President Biden's formal designation of Avi Kwa Ame as a national monument has been delayed. The designation is planned for a later date. (Photo/Honor Avi Kwa Ame)

President Biden's formal designation of Avi Kwa Ame as a national monument has been delayed. The designation is planned for a later date. (Photo/Honor Avi Kwa Ame)

LAUGHLIN, Nev. — Official designation of a sprawling 450,000-acre national monument near Laughlin will have to wait.

A day after it was reported that President Joe Biden planned to make the promised designation official during an upcoming visit to Las Vegas, those reports were termed premature.

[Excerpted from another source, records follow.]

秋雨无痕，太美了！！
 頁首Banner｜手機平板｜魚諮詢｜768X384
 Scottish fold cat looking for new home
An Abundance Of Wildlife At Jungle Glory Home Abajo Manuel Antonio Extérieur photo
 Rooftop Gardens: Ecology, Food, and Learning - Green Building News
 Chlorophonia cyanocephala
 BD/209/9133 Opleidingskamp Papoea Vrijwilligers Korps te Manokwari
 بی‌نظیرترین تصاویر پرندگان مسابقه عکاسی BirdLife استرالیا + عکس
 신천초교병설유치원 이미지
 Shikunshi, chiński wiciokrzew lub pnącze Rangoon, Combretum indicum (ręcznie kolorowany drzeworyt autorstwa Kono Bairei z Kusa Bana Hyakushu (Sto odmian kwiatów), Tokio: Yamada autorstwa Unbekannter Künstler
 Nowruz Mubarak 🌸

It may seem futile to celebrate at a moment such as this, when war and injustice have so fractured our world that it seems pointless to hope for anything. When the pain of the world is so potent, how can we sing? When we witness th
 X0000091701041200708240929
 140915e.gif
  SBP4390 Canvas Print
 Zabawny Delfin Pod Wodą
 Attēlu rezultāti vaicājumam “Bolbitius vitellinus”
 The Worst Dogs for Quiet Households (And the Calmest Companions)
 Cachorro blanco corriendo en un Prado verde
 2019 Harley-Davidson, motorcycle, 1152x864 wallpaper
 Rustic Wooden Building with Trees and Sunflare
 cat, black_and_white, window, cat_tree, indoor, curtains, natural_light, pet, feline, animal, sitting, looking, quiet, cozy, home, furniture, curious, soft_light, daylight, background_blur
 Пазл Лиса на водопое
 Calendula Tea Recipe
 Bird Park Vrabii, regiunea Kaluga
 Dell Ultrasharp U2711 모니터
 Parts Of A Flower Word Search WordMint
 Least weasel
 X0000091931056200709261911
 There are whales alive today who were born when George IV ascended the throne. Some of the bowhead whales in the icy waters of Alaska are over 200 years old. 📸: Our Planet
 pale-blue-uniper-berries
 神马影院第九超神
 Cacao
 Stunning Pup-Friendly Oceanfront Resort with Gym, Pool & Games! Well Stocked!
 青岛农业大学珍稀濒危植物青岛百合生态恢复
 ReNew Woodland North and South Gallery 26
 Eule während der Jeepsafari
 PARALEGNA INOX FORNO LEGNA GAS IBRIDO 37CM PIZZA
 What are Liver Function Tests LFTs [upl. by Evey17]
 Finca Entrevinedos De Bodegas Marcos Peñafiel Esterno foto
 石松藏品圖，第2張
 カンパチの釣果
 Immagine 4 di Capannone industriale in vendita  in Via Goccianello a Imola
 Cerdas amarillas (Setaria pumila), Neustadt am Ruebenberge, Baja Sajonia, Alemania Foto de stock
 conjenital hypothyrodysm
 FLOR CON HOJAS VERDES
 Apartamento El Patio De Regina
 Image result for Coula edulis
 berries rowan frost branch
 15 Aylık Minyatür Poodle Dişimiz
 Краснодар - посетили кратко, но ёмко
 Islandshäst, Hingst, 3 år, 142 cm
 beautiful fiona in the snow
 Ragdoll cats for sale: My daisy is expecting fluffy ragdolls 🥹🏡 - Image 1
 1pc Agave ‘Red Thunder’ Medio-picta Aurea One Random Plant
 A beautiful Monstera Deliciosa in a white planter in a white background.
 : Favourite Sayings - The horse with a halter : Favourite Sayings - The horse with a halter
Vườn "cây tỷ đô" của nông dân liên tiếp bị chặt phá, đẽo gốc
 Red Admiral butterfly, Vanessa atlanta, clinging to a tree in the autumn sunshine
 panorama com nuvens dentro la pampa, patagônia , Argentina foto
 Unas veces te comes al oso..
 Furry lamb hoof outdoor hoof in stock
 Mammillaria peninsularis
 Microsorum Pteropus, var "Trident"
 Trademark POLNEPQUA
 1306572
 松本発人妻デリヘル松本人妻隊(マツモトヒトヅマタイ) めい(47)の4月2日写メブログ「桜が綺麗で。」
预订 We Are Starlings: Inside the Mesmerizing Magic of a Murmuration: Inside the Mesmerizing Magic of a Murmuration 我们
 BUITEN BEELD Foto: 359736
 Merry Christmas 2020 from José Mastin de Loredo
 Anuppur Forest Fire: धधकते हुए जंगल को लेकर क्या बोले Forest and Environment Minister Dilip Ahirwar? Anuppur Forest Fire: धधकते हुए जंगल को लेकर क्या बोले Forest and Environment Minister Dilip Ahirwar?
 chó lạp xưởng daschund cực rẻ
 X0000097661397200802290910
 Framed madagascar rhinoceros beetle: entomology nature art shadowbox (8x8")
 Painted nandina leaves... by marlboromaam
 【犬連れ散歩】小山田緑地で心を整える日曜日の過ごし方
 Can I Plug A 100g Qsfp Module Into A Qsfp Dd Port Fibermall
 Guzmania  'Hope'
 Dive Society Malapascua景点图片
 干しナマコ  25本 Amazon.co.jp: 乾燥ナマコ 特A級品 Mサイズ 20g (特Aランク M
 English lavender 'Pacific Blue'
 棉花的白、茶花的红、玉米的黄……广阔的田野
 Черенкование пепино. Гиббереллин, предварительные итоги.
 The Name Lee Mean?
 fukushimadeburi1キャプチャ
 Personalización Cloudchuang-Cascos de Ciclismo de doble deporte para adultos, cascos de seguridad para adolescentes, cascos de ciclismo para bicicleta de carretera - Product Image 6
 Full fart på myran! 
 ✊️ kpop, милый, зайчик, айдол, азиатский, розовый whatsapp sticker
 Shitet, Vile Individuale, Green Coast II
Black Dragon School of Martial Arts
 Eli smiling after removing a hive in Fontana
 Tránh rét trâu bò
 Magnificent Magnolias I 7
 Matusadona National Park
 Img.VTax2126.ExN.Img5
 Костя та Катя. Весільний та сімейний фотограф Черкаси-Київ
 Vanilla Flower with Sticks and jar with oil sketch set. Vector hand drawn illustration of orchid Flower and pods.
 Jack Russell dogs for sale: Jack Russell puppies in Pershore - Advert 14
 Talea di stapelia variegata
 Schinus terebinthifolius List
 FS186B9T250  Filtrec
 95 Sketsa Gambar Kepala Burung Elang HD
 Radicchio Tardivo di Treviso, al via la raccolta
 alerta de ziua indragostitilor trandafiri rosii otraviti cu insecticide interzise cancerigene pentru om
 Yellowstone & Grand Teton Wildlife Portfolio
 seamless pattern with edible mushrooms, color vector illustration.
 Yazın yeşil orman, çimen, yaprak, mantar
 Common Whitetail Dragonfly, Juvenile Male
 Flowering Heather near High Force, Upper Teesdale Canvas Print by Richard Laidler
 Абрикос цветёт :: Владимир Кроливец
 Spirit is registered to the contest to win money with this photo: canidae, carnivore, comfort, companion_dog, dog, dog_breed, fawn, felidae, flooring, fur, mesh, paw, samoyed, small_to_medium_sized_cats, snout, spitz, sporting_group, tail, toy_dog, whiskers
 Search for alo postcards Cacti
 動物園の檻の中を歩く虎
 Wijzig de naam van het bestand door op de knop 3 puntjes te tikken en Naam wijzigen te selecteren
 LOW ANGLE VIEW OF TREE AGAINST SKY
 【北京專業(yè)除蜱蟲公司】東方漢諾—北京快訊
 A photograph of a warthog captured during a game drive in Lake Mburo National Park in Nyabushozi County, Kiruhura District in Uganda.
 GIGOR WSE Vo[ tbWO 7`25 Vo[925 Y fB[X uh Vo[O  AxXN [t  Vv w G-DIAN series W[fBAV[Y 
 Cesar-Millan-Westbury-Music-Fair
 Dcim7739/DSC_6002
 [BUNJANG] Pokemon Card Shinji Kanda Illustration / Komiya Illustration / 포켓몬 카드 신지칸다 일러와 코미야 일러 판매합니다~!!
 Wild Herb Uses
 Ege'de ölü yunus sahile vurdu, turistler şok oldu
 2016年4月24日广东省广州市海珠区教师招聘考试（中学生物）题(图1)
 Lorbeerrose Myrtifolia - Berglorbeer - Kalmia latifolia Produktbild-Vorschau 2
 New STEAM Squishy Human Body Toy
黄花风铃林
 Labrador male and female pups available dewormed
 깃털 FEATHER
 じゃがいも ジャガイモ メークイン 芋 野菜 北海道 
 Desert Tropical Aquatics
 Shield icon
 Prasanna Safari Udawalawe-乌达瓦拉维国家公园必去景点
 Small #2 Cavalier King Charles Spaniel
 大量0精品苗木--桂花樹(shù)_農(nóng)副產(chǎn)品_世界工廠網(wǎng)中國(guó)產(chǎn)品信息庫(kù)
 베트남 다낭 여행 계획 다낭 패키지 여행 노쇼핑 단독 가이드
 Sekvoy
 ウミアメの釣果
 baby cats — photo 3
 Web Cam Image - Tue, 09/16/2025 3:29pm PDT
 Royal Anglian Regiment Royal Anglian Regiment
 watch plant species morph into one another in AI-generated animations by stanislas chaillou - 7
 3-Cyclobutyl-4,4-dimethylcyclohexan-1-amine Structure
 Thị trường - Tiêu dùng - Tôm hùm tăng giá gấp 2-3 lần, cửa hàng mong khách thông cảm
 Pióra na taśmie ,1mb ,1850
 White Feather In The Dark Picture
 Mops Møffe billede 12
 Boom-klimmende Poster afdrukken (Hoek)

"President Joe Biden is no longer expected to designate Avi Kwa Ame as a national monument on his trip to Las Vegas next week," the Nevada Independent said March 8, a day after the publication was among the first to indicate that Biden would make the declaration — and perhaps visit the area of spiritual, cultural and social significance to many Native American tribes, including the Fort Mojave Indian Tribe, which considers the 5,600-foot Spirit Mountain peak in the Newberry Mountains as their ancestral birthplace.

“The White House had indicated the Avi Kwa Ame designation would happen next week, then their plans changed,” the Independent said, quoting people familiar with the president’s plans.

KLAS-TV in Las Vegas reported that Biden still will travel to Las Vegas but the national monument declaration will not be part of his visit.

In mid-November, the Bureau of Land Management held a public comment session in Laughlin at the request of the U.S. Department of the Interior and heard from 47 speakers that included tribal representatives, outdoors enthusiasts, artists and area residents. Nearly all spoke in support of designation of the Avi Kwa Ame National Monument, which would provide certain protections for the land stretching from the Lake Mead National Recreation Area to the California-Nevada border.

Two weeks later, at a Tribal Nations Summit in Washington, D.C., Biden vowed to make the designation and hinted that he wanted to see the area first-hand.

"When it comes to Spirit Mountain and the surrounding ridges and canyons in southern Nevada, I'm committed to protecting this sacred place that is central to the creation story of so many tribes that are here today," Biden said at the summit. "And I look forward to being able to visit Spirit Mountain and experience it with you as soon as I can."

That won't be next week, apparently.

Biden was last in Nevada in January, attending a memorial service for former Sen. Harry Reid. It's uncertain when he will make the official national monument designation and if he still plans to visit the area for that occasion.

National monument designation would limit some activities in the areas considered sacred, ecologically sensitive or of cultural significance. The designation would put the area public lands under federal management and would prohibit new mining claims, most development and road construction. Existing rights-of-way would be maintained and the area would remain open to a variety of recreational activities such as hiking, driving on designated roadways, mountain biking and horseback riding. It also would not impact existing renewable energy projects, highways, structures or transmission lines other than preventing their expansion.

"This is our home. This is our place," said FMIT elder Drusilla Burns at the November hearing in Laughlin.

FMIT members were part of the Honor Avi Kwa Ame coalition, which called the designation necessary because of the "culturally and ecologically significant proposal and the need to safeguard these resources for future generations."